> **DATA PROVIDED**
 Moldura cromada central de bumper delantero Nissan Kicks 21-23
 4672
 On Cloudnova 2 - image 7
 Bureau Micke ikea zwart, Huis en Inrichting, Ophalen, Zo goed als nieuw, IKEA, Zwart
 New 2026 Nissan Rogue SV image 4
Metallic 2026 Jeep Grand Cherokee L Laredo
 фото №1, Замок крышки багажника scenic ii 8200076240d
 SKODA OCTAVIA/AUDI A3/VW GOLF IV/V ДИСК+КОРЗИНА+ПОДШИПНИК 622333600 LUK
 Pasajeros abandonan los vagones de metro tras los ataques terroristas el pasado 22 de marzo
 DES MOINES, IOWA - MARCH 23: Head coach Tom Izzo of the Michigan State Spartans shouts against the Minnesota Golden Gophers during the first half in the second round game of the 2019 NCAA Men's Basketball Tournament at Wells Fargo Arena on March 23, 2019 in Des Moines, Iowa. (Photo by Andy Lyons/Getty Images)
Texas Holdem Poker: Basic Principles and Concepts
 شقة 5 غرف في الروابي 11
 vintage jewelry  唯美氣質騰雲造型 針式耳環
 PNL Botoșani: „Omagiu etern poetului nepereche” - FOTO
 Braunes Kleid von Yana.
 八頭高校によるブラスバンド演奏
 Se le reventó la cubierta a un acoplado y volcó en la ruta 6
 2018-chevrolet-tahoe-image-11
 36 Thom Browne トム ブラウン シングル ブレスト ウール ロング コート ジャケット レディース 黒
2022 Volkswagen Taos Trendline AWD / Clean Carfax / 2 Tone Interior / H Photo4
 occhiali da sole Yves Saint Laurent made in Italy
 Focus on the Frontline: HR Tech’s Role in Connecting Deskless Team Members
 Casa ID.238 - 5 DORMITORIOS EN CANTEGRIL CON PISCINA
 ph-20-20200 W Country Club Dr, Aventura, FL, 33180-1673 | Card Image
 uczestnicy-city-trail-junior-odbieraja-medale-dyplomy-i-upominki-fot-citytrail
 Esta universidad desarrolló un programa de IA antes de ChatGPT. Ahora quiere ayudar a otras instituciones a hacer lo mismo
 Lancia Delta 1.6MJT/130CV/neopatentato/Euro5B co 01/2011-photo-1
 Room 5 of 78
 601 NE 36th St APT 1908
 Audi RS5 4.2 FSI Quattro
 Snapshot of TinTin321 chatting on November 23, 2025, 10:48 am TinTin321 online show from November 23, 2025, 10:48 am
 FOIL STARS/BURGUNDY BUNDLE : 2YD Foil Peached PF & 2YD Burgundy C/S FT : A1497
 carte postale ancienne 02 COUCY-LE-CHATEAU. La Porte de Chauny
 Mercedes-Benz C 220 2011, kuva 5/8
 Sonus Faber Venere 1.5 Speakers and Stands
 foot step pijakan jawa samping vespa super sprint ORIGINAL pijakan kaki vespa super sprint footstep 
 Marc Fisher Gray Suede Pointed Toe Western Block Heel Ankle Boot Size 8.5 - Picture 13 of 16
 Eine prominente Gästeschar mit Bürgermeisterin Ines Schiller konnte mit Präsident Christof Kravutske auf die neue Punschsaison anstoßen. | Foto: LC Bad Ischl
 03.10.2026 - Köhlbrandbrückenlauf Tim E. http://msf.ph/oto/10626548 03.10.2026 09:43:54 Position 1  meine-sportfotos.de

> **WORK ITEM**
Transcribe the listing above in full, so that every line matches exactly.

> **RESPONSE BOX**
 Moldura cromada central de bumper delantero Nissan Kicks 21-23
 4672
 On Cloudnova 2 - image 7
 Bureau Micke ikea zwart, Huis en Inrichting, Ophalen, Zo goed als nieuw, IKEA, Zwart
 New 2026 Nissan Rogue SV image 4
Metallic 2026 Jeep Grand Cherokee L Laredo
 фото №1, Замок крышки багажника scenic ii 8200076240d
 SKODA OCTAVIA/AUDI A3/VW GOLF IV/V ДИСК+КОРЗИНА+ПОДШИПНИК 622333600 LUK
 Pasajeros abandonan los vagones de metro tras los ataques terroristas el pasado 22 de marzo
 DES MOINES, IOWA - MARCH 23: Head coach Tom Izzo of the Michigan State Spartans shouts against the Minnesota Golden Gophers during the first half in the second round game of the 2019 NCAA Men's Basketball Tournament at Wells Fargo Arena on March 23, 2019 in Des Moines, Iowa. (Photo by Andy Lyons/Getty Images)
Texas Holdem Poker: Basic Principles and Concepts
 شقة 5 غرف في الروابي 11
 vintage jewelry  唯美氣質騰雲造型 針式耳環
 PNL Botoșani: „Omagiu etern poetului nepereche” - FOTO
 Braunes Kleid von Yana.
 八頭高校によるブラスバンド演奏
 Se le reventó la cubierta a un acoplado y volcó en la ruta 6
 2018-chevrolet-tahoe-image-11
 36 Thom Browne トム ブラウン シングル ブレスト ウール ロング コート ジャケット レディース 黒
2022 Volkswagen Taos Trendline AWD / Clean Carfax / 2 Tone Interior / H Photo4
 occhiali da sole Yves Saint Laurent made in Italy
 Focus on the Frontline: HR Tech’s Role in Connecting Deskless Team Members
 Casa ID.238 - 5 DORMITORIOS EN CANTEGRIL CON PISCINA
 ph-20-20200 W Country Club Dr, Aventura, FL, 33180-1673 | Card Image
 uczestnicy-city-trail-junior-odbieraja-medale-dyplomy-i-upominki-fot-citytrail
 Esta universidad desarrolló un programa de IA antes de ChatGPT. Ahora quiere ayudar a otras instituciones a hacer lo mismo
 Lancia Delta 1.6MJT/130CV/neopatentato/Euro5B co 01/2011-photo-1
 Room 5 of 78
 601 NE 36th St APT 1908
 Audi RS5 4.2 FSI Quattro
 Snapshot of TinTin321 chatting on November 23, 2025, 10:48 am TinTin321 online show from November 23, 2025, 10:48 am
 FOIL STARS/BURGUNDY BUNDLE : 2YD Foil Peached PF & 2YD Burgundy C/S FT : A1497
 carte postale ancienne 02 COUCY-LE-CHATEAU. La Porte de Chauny
 Mercedes-Benz C 220 2011, kuva 5/8
 Sonus Faber Venere 1.5 Speakers and Stands
 foot step pijakan jawa samping vespa super sprint ORIGINAL pijakan kaki vespa super sprint footstep 
 Marc Fisher Gray Suede Pointed Toe Western Block Heel Ankle Boot Size 8.5 - Picture 13 of 16
 Eine prominente Gästeschar mit Bürgermeisterin Ines Schiller konnte mit Präsident Christof Kravutske auf die neue Punschsaison anstoßen. | Foto: LC Bad Ischl
 03.10.2026 - Köhlbrandbrückenlauf Tim E. http://msf.ph/oto/10626548 03.10.2026 09:43:54 Position 1  meine-sportfotos.de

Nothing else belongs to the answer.